Skippering a boat for the first time needn’t be daunting, as long as you prepare. Matthew Diggle reveals how to make a success of taking charge
It’s a pity that skippering a boat for the first time can seem so intimidating.
Not much beats the feeling of being in charge of a yacht, deciding where to go, and taking the crew on an adventure.
And there’s a real sense of accomplishment at the end when you bring the crew and boat home safely.
For anyone who is new to sailing or who crews for someone else, following the RYA training path and becoming a Day Skipper is an excellent way of taking your sailing to the next level.
It shows that you understand the fundamentals and can take on more responsibility when other people feel daunted by the thought of being responsible for a boat and its crew.
With a bit of preparation and planning, skippering is well within most people’s capabilities, especially if you don’t bite off more than you can chew for the first few trips.
Preparation is the key. Simply put, you have to decide where to go, who to go with, and how to get there.
I thought it would be useful to share the lessons I’ve learned when I first started skippering for those considering taking their first steps.
Skippering a crew
Sailing boats are not particularly spacious down below so I generally don’t try to fill every berth onboard.
Even so, it is vital that the crew can get along together and this means that you have to choose who to invite carefully.
This is often a bit of a juggling act, trying to coordinate different people and boat availability, so in the end you’re unlikely to be able to please everyone.
Just offer some reasonable options and hope for the best.
It is also important that people know what to expect, so they don’t sign up thinking that they’ll have a spacious cabin with en-suite facilities when they’ll actually get a space in the shared forepeak in a boat with a single heads.

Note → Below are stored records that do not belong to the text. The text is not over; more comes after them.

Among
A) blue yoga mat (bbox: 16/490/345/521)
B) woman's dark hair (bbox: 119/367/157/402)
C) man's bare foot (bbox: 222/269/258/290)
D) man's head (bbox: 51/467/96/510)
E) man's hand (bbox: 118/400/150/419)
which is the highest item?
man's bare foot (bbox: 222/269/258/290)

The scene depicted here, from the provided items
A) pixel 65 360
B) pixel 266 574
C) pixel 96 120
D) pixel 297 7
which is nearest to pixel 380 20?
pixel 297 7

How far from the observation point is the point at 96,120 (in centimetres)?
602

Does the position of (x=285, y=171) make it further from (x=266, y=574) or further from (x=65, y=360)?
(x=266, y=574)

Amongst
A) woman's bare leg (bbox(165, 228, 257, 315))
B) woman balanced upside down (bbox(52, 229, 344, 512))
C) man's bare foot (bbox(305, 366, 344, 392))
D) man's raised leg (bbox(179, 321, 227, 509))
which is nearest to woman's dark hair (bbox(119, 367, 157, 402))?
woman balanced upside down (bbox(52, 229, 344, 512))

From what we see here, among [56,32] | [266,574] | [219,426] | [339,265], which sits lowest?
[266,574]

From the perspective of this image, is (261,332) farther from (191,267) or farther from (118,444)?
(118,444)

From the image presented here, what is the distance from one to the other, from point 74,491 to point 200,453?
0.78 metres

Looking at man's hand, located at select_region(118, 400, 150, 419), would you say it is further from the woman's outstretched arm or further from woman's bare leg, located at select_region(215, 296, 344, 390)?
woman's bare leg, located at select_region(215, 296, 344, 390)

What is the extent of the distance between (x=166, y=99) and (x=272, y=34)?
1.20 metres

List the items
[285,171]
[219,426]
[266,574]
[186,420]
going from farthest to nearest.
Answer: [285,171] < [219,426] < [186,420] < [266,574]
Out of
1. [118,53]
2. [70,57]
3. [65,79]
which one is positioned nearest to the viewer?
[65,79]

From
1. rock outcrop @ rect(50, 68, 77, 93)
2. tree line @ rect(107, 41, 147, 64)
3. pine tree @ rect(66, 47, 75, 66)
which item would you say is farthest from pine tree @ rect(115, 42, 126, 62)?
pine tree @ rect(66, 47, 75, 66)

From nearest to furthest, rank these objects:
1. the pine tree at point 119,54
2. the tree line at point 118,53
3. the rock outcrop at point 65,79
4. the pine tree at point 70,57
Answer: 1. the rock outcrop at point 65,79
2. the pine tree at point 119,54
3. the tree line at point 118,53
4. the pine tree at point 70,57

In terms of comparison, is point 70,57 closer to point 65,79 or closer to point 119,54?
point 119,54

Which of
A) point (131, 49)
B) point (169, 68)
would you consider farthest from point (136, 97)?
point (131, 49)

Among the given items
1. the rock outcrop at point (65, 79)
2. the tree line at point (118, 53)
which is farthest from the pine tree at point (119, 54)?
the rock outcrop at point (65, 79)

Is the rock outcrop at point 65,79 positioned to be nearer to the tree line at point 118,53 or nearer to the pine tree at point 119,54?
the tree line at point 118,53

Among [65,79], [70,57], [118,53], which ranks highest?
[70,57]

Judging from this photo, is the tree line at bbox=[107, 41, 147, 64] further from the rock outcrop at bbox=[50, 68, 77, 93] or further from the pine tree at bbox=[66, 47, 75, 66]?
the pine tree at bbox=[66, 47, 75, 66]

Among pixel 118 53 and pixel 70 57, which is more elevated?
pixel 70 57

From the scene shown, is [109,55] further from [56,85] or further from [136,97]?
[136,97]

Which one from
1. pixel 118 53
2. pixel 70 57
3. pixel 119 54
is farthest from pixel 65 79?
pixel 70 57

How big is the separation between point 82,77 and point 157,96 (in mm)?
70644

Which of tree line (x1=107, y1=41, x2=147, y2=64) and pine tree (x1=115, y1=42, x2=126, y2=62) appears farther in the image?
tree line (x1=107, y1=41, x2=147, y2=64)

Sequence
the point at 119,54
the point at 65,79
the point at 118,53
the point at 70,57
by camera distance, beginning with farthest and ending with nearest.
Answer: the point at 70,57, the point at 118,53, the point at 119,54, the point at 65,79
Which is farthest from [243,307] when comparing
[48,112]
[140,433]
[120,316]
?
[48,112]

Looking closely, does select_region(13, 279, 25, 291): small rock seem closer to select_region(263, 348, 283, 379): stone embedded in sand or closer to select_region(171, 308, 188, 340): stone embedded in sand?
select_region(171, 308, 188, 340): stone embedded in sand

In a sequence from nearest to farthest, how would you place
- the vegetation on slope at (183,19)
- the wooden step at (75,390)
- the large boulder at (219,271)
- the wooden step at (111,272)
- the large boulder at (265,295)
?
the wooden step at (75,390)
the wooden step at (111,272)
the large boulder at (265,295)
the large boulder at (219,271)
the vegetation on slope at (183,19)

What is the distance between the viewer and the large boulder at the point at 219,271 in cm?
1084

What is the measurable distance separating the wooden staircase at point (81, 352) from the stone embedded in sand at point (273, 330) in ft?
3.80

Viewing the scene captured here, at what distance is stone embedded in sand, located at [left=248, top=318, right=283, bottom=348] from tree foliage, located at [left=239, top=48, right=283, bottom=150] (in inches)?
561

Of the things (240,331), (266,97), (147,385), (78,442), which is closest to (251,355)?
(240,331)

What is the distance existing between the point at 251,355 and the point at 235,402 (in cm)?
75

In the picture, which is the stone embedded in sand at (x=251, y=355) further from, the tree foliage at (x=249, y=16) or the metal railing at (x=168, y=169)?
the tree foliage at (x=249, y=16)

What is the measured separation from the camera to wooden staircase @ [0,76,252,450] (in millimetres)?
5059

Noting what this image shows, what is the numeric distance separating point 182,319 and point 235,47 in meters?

Similarly, being clear about the nature of the trip – that this is your first time skippering – will avoid adrenaline-junkies being frustrated by a gentle coastal cruise, or nervous novices being scared rigid during an offshore passage.
When skippering the first few times, it is well worth inviting an experienced and knowledgeable sailor to act as first mate.
But you should choose them wisely as you don’t want anyone who will take over or boss you about if you’re a bit slow working something out, or don’t do things in exactly the way they would.
What you really need is a calm and supportive person who will give you the space to experiment, have a quiet word in your ear if they are concerned that something is wrong, but who is capable of taking over if you are incapacitated in any way.
After all, you have to trust them to come back to pick you up if you have the misfortune to fall in, and you must be confident that they could get the boat and crew to somewhere safe if needed.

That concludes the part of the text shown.